As described in the Registration Statement, equity securities represent 
ownership interests in a company or partnership and consist of common 
stocks, preferred stocks, warrants to acquire common stock, securities 
convertible into common stock, and investments in master limited 
partnerships. Except for Underlying ETPs that may hold non-US issues, 
the Fund will not otherwise invest in non-U.S. issues.

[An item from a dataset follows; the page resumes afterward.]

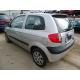 dezmembrez Hyundai Getz - piese auto-3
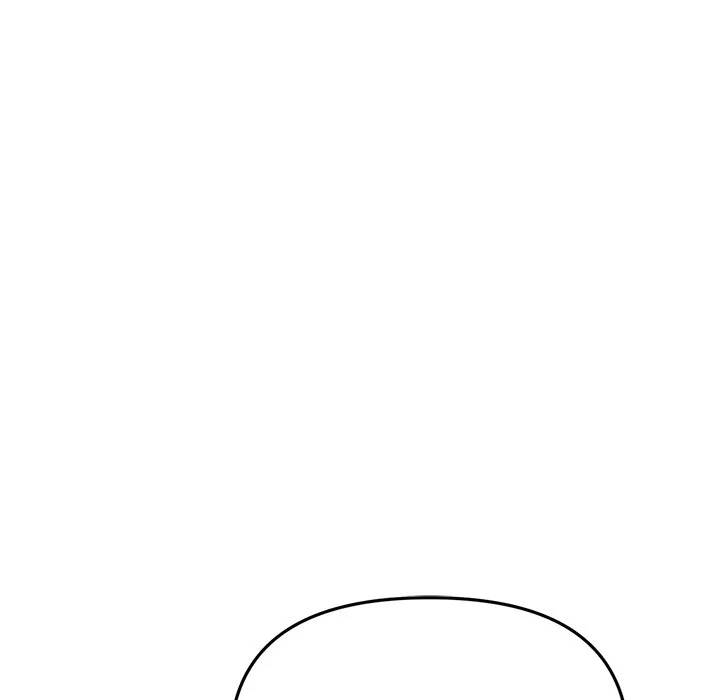 My First and Last chapter 7 page 72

    The Fund may use futures contracts and related options for bona 
fide hedging; attempting to offset changes in the value of securities 
held or expected to be acquired or be disposed of; attempting to gain 
exposure to a particular market, index or instrument; or other risk 
management purposes. To the extent the Fund uses futures and/or options 
on futures, it will do so in accordance with Rule 4.5\11\ under the 
Commodity Exchange Act.\12\ According to the Registration Statement, 
the Fund will reduce the risk that it will be unable to close out a 
futures contract by only entering into futures contracts that are 
traded on a national futures exchange regulated by the Commodities 
Futures Trading Commission.
---------------------------------------------------------------------------

    \11\ 17 CFR 4.5.
    \12\ 7 U.S.C. 1 et seq.
---------------------------------------------------------------------------

    The Fund may purchase and write put and call options on indices and 
enter into related closing transactions; may trade put and call options 
on securities, securities indices and currencies, as the Investment 
Sub-Advisor determines is appropriate in seeking the Fund's investment 
objective, and except as restricted by the Fund's investment 
limitations (as described in the Registration Statement); may enter 
into repurchase agreements with financial institutions; may use reverse 
repurchase agreements as part of the Fund's investment strategy; may 
enter into swap agreements, including, but not limited to, equity index 
swaps and interest rate swap agreements; and may make short-term 
investments in U.S. Government securities. In addition, the Fund may 
invest up to 15% of its net assets in illiquid securities. For this 
purpose, ``illiquid securities'' are securities that the Fund may not 
sell or dispose of within seven days in the ordinary course of business 
at approximately the amount at which the Fund has valued the 
securities.
    The Fund, from time to time, in the ordinary course of business, 
may purchase securities on a when-issued or delayed-delivery basis 
(i.e., delivery and payment can take place between a month and 120 days 
after the date of the transaction). The Fund may invest in U.S. 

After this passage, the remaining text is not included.